Below are records with pictures; copy word for word only the lines between the line with "Lecce: The Ultimate" and the line with "Volkswagen Tiguan Allspace", inclusive, and drop the pictures.

BEGIN Data in this exercise

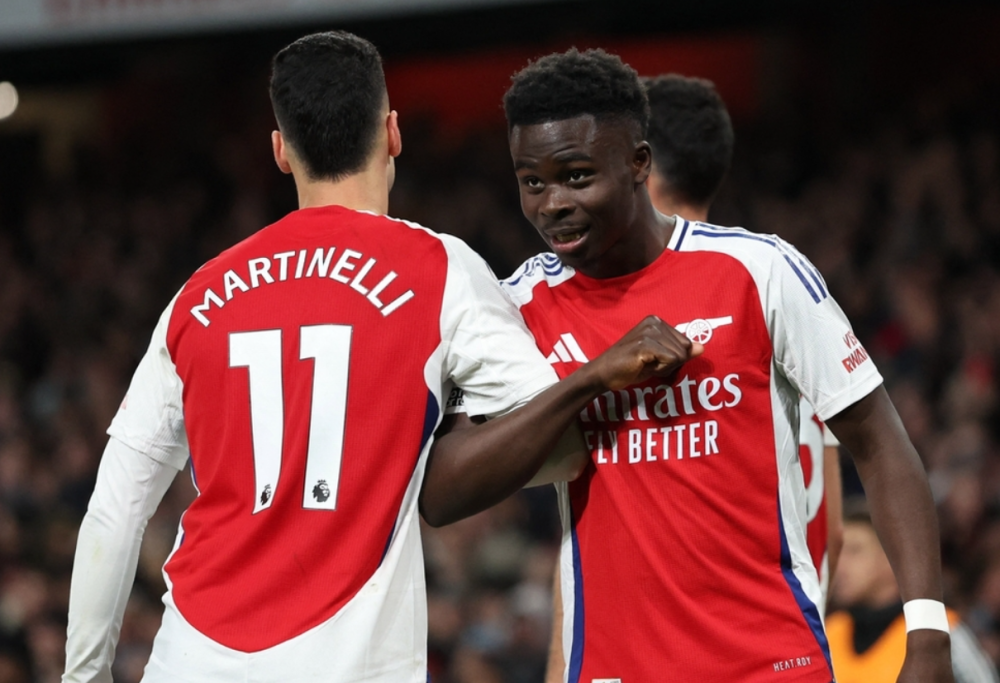 关于阿森纳客场大胜曼联，继续保持不败纪录的信息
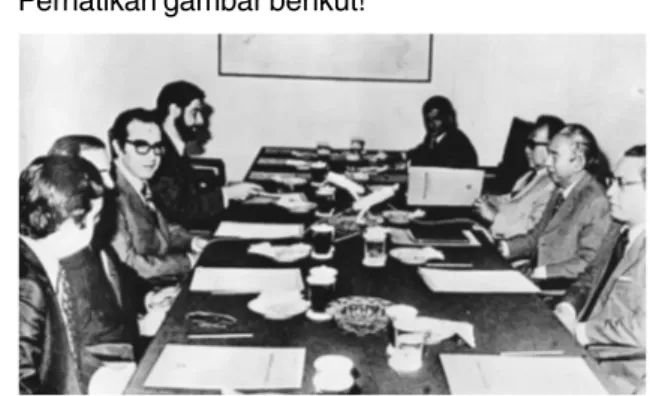 Gambar pada soal menunjukkan pertemuan antara Portugis dan Indonesia pada tanggal 16 Oktober 1974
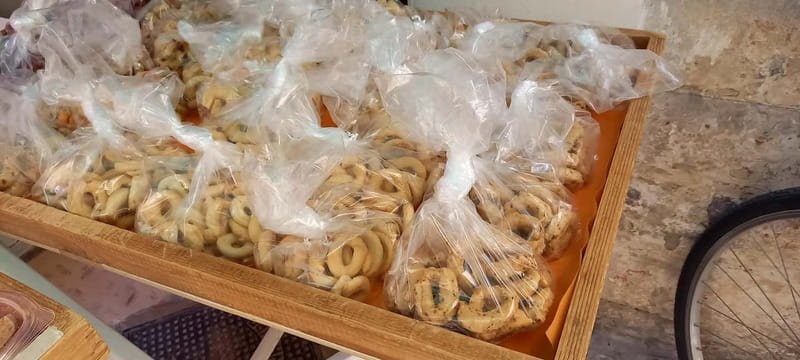 Lecce: The Ultimate Street Food Tour with a Local - Savory Street Snacks: Rustico Leccese and Puccia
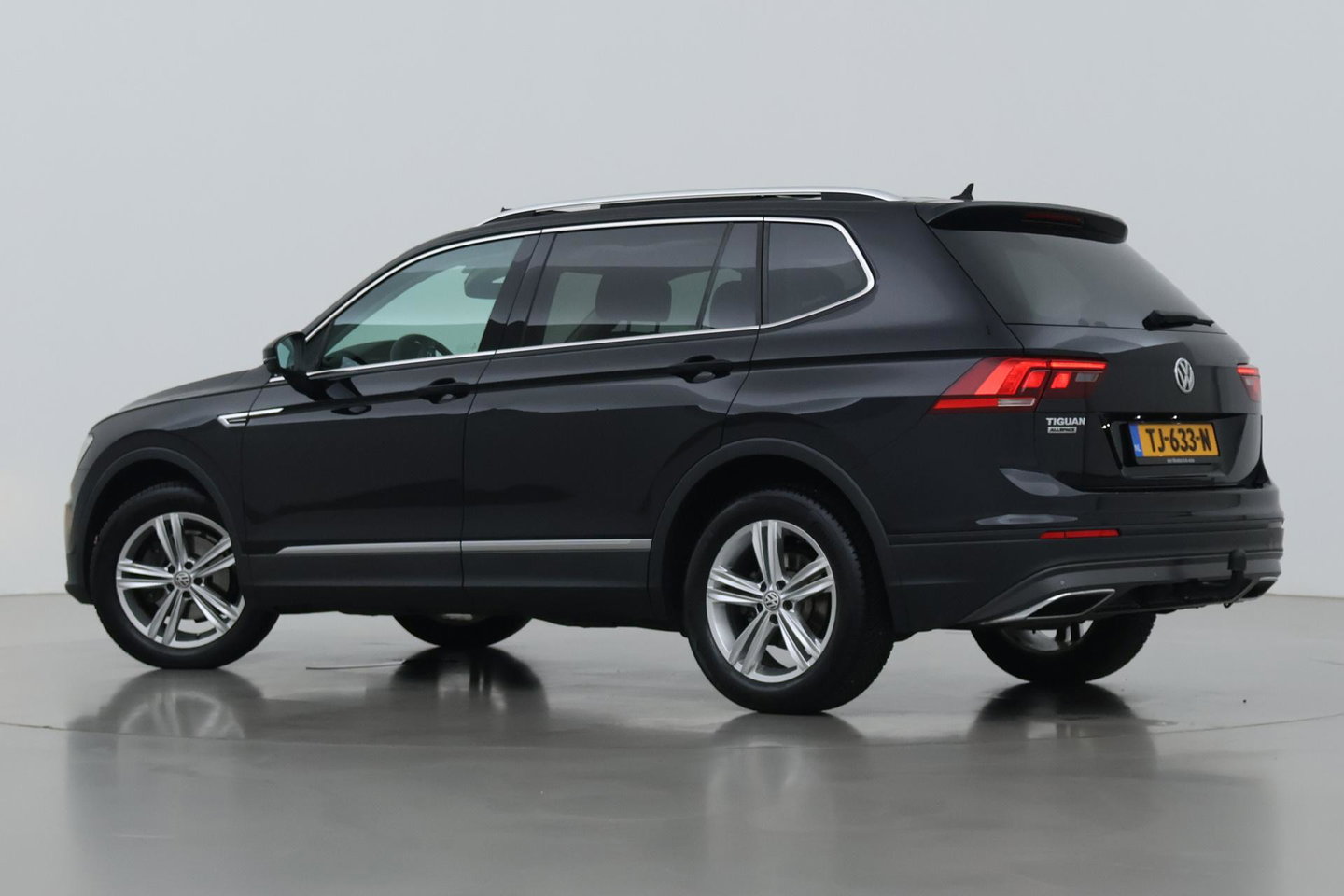 Volkswagen Tiguan Allspace 1.4 TSI Comfortline Business | 7 Persoons | Panoramadak | Trekhaak | Massage | Keyless | Stoelverwarming | Getint Glas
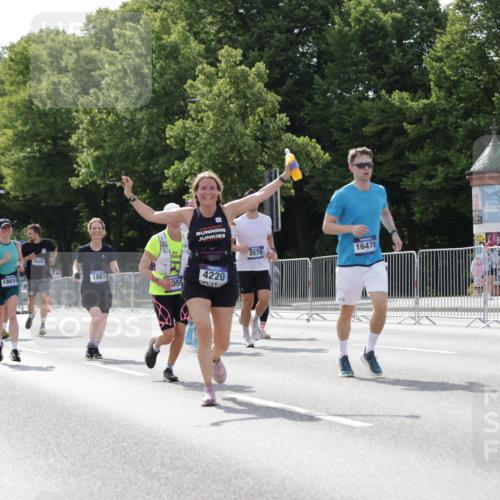 29.06.2025 - hella hamburg halbmarathon Jannik Wohlers http://msf.ph/oto/8139757 29.06.2025 10:04:50 Lombardsbrücke 1863, 2288, 2424, 3071, 3413, 3578, 4220, 6059, 6907, 6908, 7826, 8089, 8999, 9007, 9075, 9165, 9559, 9680, 10694, 12557, 13221, 13327, 13717, 14203, 16092, 16478, 16847, 17707, 18189, 18616, 18617, 19034 meine-sportfotos.de
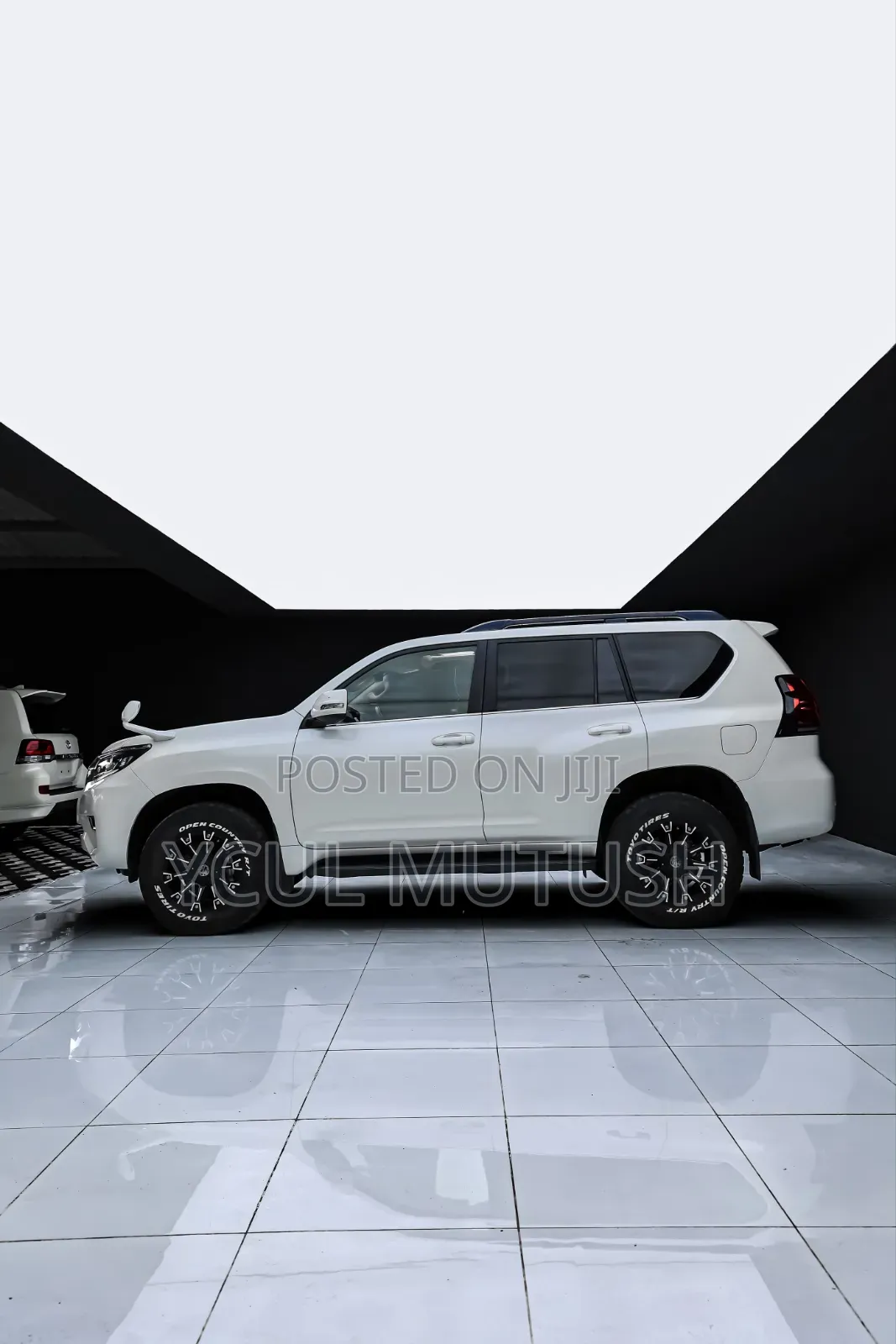 Toyota Land Cruiser 3.3 Diesel 4WD 2021 White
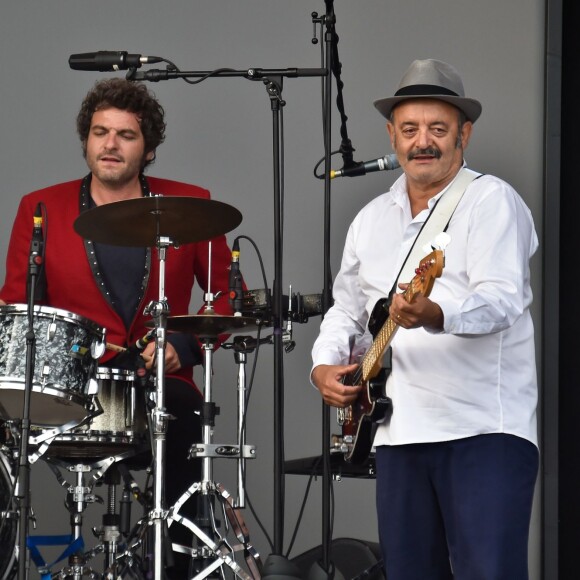 La famille Chedid, Louis et Matthieu réunis pour un concert lors de la Fête de l'Humanité 2015 dans le Parc de la Courneuve en région parisienne, le 13 septembre 2015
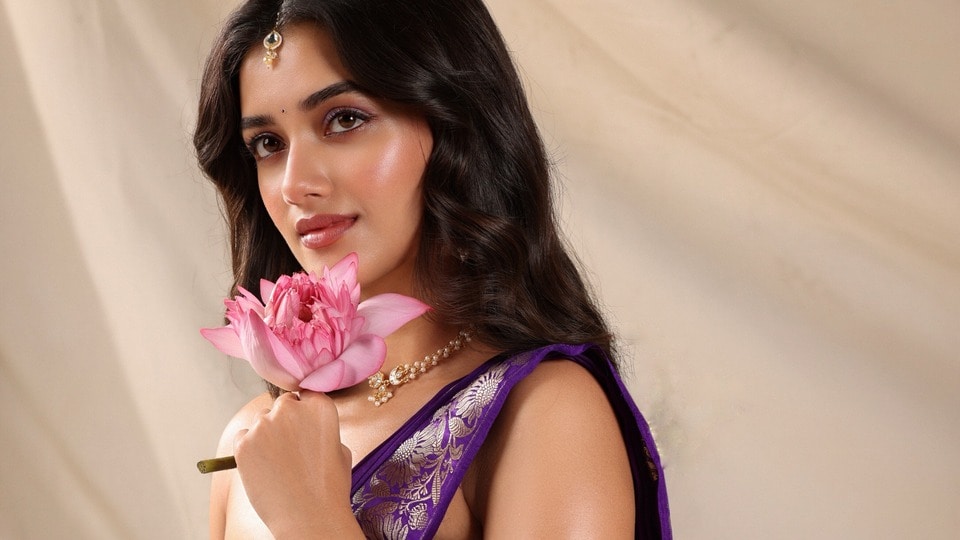 <p>ఇప్పుడు లెనిన్ తో ఫస్ట్ హిట్ అందుకుంది భాగ్యశ్రీ. అందుకే రీసెంట్ గా ఈ మూవీ సక్సెస్ మీట్ లో స్టేజీపైనే ఎమోషనల్ అయి ఏడ్చేసింది ఈ బ్యూటీ. </p>(instagram-Bhagyashri Borse)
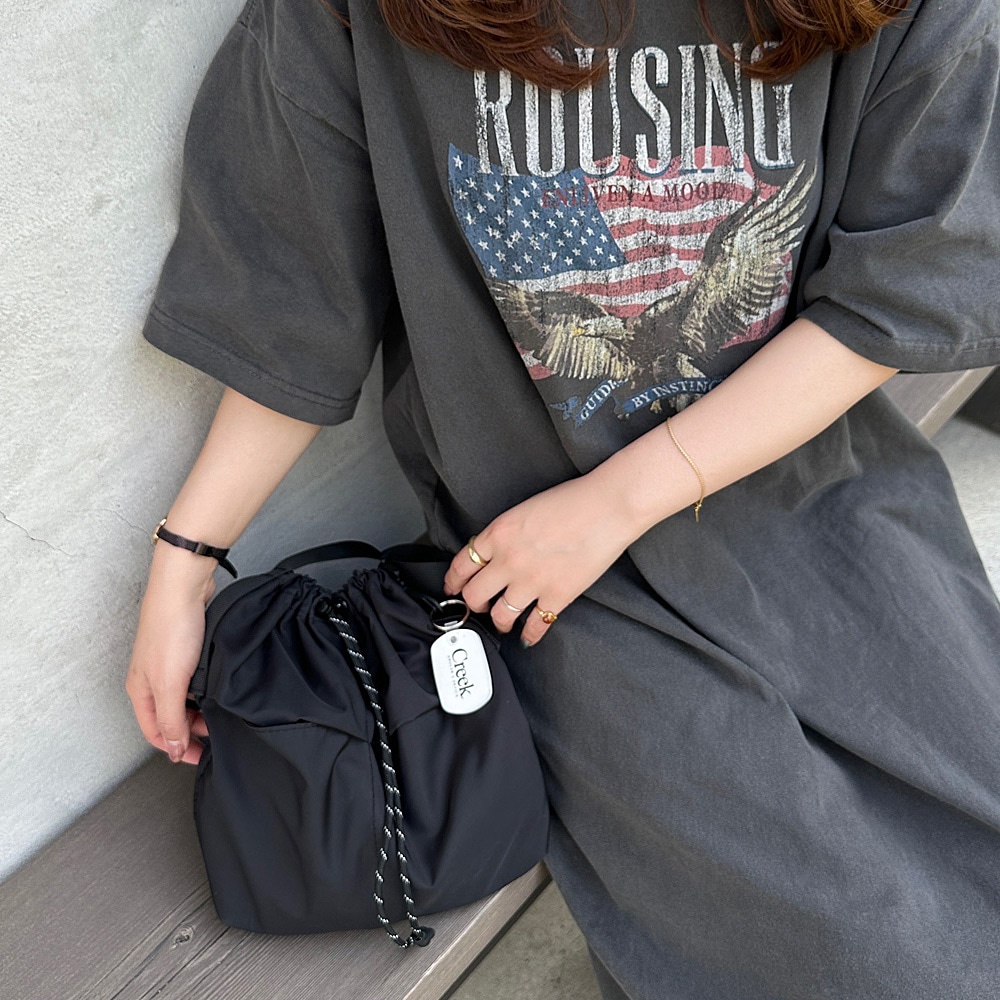 Rename カラビナ付き パラコード巾着 ナイロンショルダーバッグ ショルダーバッグ 巾着バッグ メンズ レディース 軽量 斜めがけ ミニショルダーバッグ パラコード 黒 カジュアル 巾着ショルダーバッグ ナイロン 軽量ドローストリングバッグ ユニセックス サブバッグ 高見え ボディバッグ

END Data in this exercise

** Response to this exercise **
 Lecce: The Ultimate Street Food Tour with a Local - Savory Street Snacks: Rustico Leccese and Puccia
 Volkswagen Tiguan Allspace 1.4 TSI Comfortline Business | 7 Persoons | Panoramadak | Trekhaak | Massage | Keyless | Stoelverwarming | Getint Glas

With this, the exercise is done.